**INSTRUCTIONS FOR THE TASK**
Without the pictures, retype each line below exactly as it stands.

**DATA SEGMENT**
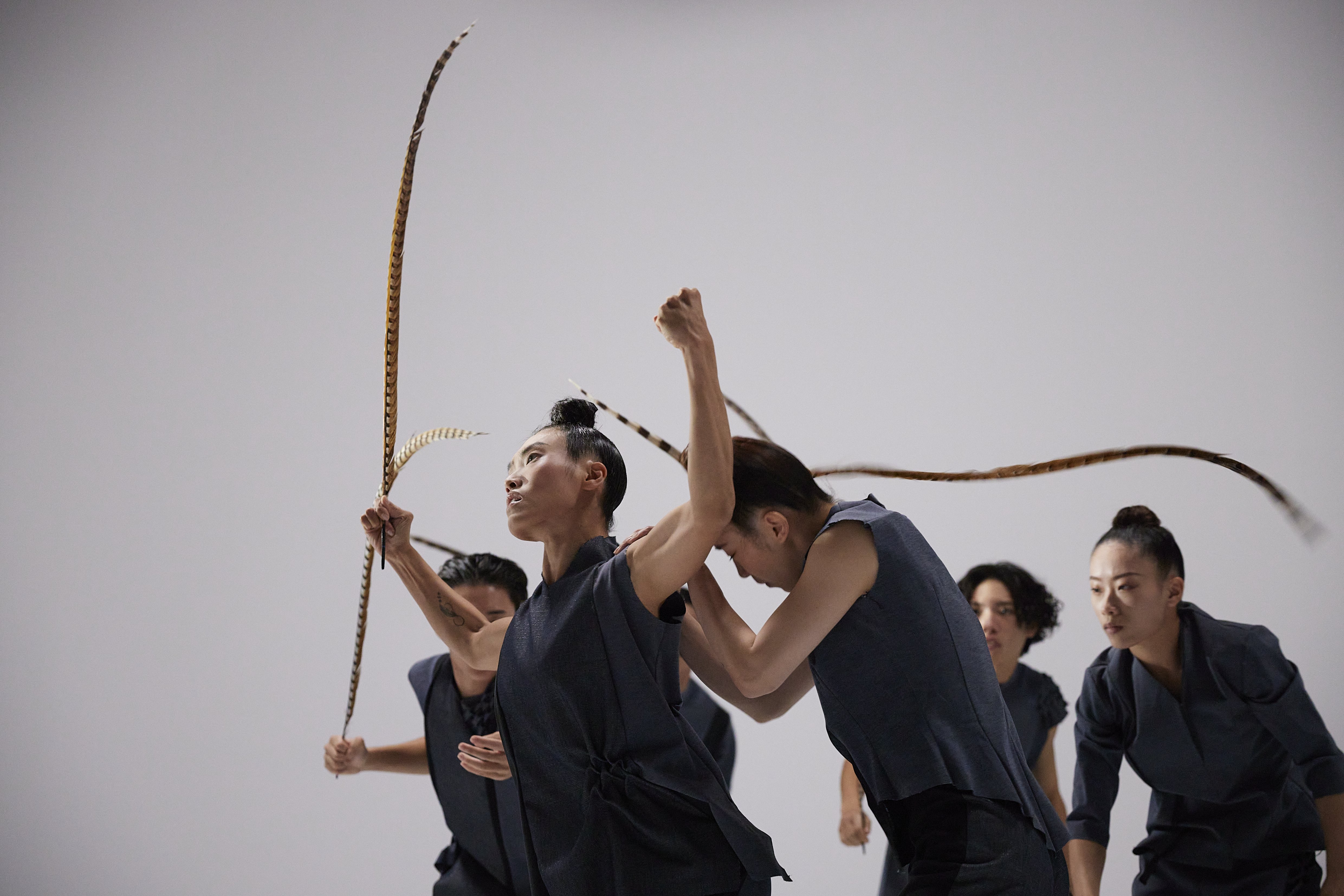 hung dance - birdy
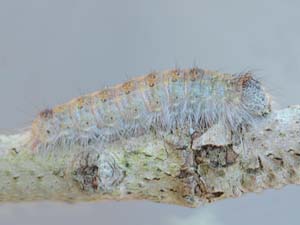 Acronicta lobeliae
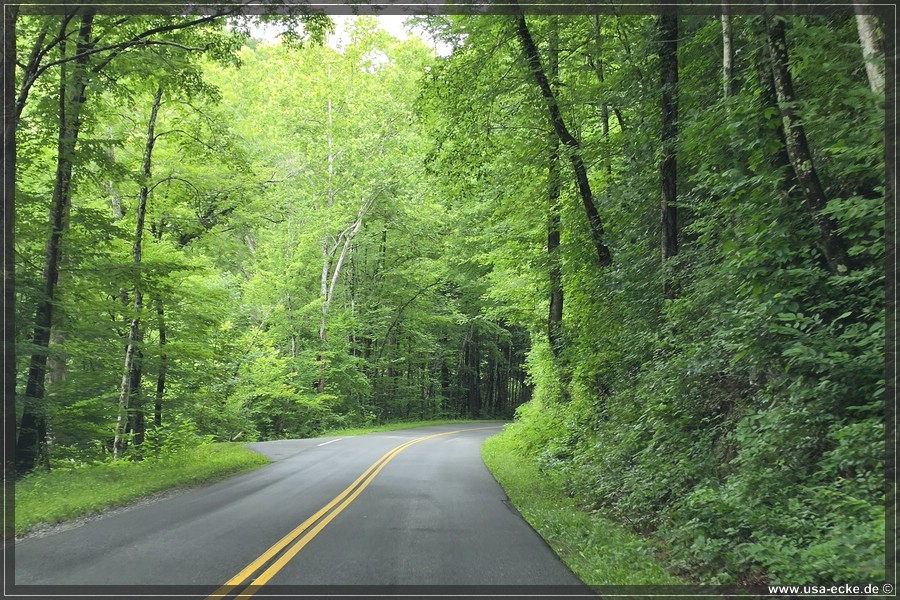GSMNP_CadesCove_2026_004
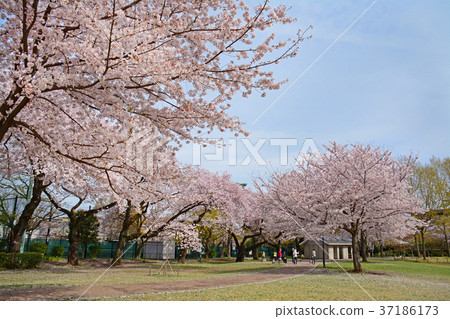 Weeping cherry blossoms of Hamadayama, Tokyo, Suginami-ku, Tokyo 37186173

**ANSWER SPACE**
 hung dance - birdy
 Acronicta lobeliae
GSMNP_CadesCove_2026_004
 Weeping cherry blossoms of Hamadayama, Tokyo, Suginami-ku, Tokyo 37186173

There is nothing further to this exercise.